Exercise data =
= Beginning of Section =
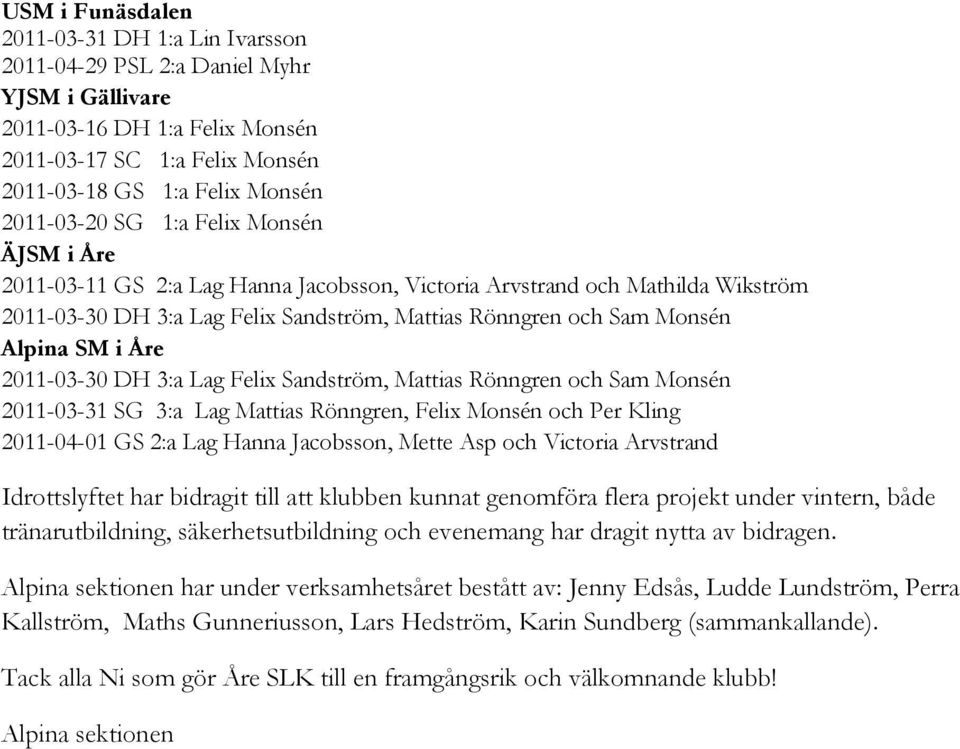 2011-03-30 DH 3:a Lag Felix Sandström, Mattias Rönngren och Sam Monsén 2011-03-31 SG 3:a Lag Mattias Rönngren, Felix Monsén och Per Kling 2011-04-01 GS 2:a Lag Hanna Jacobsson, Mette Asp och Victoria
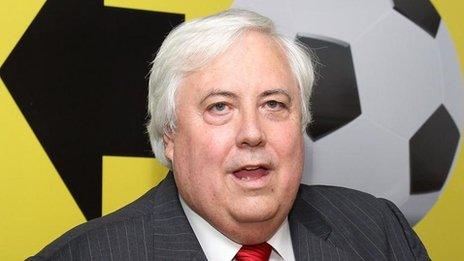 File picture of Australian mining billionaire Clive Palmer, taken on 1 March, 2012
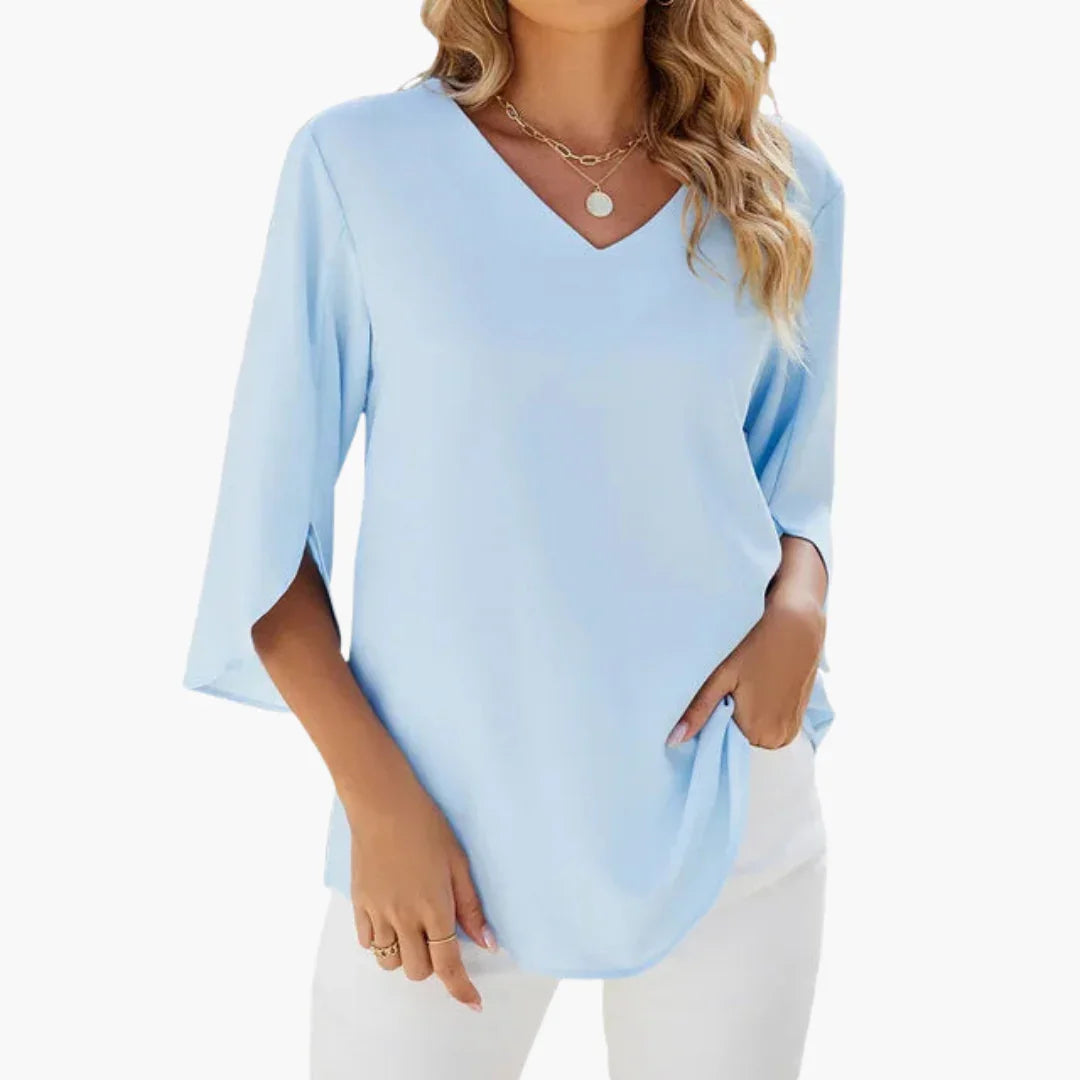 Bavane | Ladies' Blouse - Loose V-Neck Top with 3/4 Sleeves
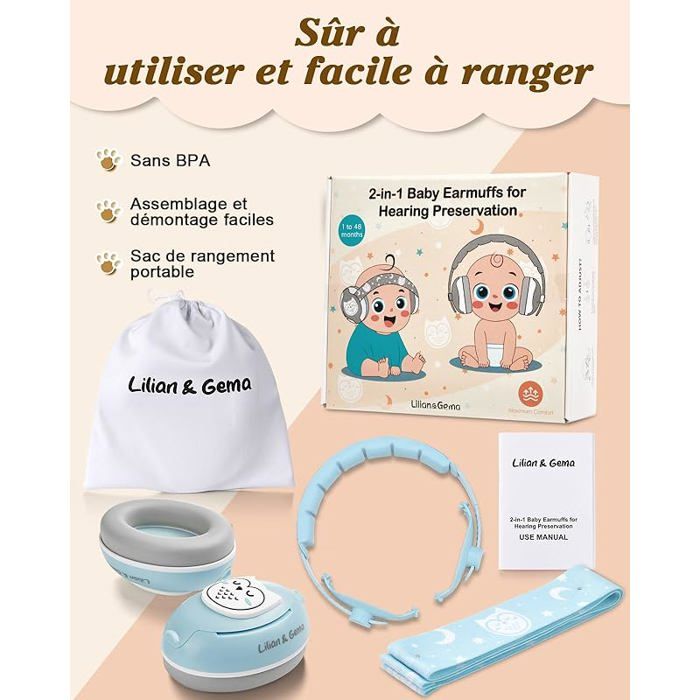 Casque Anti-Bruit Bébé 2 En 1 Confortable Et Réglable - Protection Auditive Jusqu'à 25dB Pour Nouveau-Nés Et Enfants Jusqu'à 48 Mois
= End of Section =
Work required =
Please write the material out again exactly as shown above, minus any pictures.

Answer to the exercise =
 2011-03-30 DH 3:a Lag Felix Sandström, Mattias Rönngren och Sam Monsén 2011-03-31 SG 3:a Lag Mattias Rönngren, Felix Monsén och Per Kling 2011-04-01 GS 2:a Lag Hanna Jacobsson, Mette Asp och Victoria
 File picture of Australian mining billionaire Clive Palmer, taken on 1 March, 2012
 Bavane | Ladies' Blouse - Loose V-Neck Top with 3/4 Sleeves
 Casque Anti-Bruit Bébé 2 En 1 Confortable Et Réglable - Protection Auditive Jusqu'à 25dB Pour Nouveau-Nés Et Enfants Jusqu'à 48 Mois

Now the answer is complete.